### [BRIEF]
Return the entries in full, exactly as written.

### [SUPPLIED INFORMATION]
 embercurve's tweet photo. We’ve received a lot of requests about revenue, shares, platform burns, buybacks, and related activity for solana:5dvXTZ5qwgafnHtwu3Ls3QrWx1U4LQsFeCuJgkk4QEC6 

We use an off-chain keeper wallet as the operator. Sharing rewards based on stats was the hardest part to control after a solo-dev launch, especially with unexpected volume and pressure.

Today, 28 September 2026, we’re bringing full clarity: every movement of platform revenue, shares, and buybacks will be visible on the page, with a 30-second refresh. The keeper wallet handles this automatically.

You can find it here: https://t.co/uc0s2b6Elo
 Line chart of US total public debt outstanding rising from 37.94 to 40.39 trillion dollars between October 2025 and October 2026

### [RESULT FOR THIS TASK]
 embercurve's tweet photo. We’ve received a lot of requests about revenue, shares, platform burns, buybacks, and related activity for solana:5dvXTZ5qwgafnHtwu3Ls3QrWx1U4LQsFeCuJgkk4QEC6 

We use an off-chain keeper wallet as the operator. Sharing rewards based on stats was the hardest part to control after a solo-dev launch, especially with unexpected volume and pressure.

Today, 28 September 2026, we’re bringing full clarity: every movement of platform revenue, shares, and buybacks will be visible on the page, with a 30-second refresh. The keeper wallet handles this automatically.

You can find it here: https://t.co/uc0s2b6Elo
 Line chart of US total public debt outstanding rising from 37.94 to 40.39 trillion dollars between October 2025 and October 2026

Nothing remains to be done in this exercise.